Does Nagios auto-shutdown if load is too high?
What are the possibile scenarios?
ssax
Dreams In Code
Posts: 7682
Joined: Wed Feb 11, 2015 12:54 pm

Re: Nagios Monitoring Engine Stops On Its Own

Post by ssax »

No auto-shutdown inherently built in, are you seeing any segfaults or anything in your /usr/local/nagios/var/nagios.log?

Please PM a copy of your profile, you can download it from Admin > System Profile > Download Profile.

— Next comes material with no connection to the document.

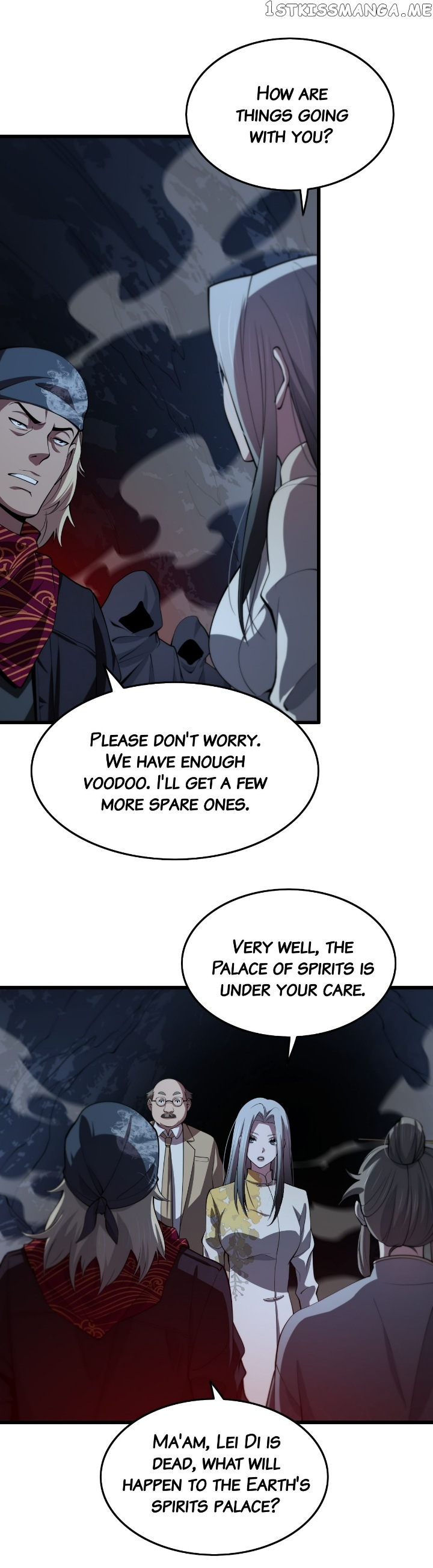 The Descent Of The Patriarch Chapter 34 - page 32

As root, please send the output of these commands (hopefully when it's already stopped on it's own and you've taken no corrective action):

Code: Select all

ps aux
ipcs -q
Please include the output of these commands as well (run as root):

Code: Select all

sysctl -p
ulimit -a
chage -l nagios
su -s /bin/bash -c 'ulimit -a' nagios
su -s /bin/bash -c 'ulimit -a' mysql
If you have these files, please attach:

Code: Select all

/etc/init.d/npcd
/etc/init.d/nagios
Additionally, please send the output of these commands (as root):
- NOTE: You may need to adjust the -h 127.0.0.1, the -uroot, and -pnagiosxi in the first command if your DB is offloaded to another server and/or you've changed the root mysql password

Code: Select all

echo "SELECT table_name AS 'Table', round(((data_length + index_length) / 1024 / 1024), 2) 'Size in MB' FROM information_schema.TABLES WHERE table_schema IN ('nagios', 'nagiosql', 'nagiosxi');" | mysql -h 127.0.0.1 -uroot -pnagiosxi --table
Then run this command:

Code: Select all

grep mysql /usr/local/nagiosxi/html/config.inc.php | wc -l
If it outputs the number 2, run the command below as well and include the output, if it outputs anything other than 2 - don't run the command. (some XI systems use both mysql and postgresql if they were install prior to XI 5.0 and then upgraded from there).

Code: Select all

echo "SELECT relname as Table, pg_size_pretty(pg_total_relation_size(relid)) As Size, pg_size_pretty(pg_total_relation_size(relid) - pg_relation_size(relid)) as ExternalSize FROM pg_catalog.pg_statio_user_tables ORDER BY pg_total_relation_size(relid) DESC;" | psql nagiosxi nagiosxi
ssax
Dreams In Code
Posts: 7682
Joined: Wed Feb 11, 2015 12:54 pm

Re: Nagios Monitoring Engine Stops On Its Own

Post by ssax »

Profile received, please send all the rest of the information requested as well. The only things I'd like to see when the issue is occurring is these:

Code: Select all

ps aux
ipcs -q
top -n3
df -h
df -i
tail /var/log/mariadb/mariadb.log
The rest of the information shouldn't change and could point us in a direction sooner so please send it/attach the files.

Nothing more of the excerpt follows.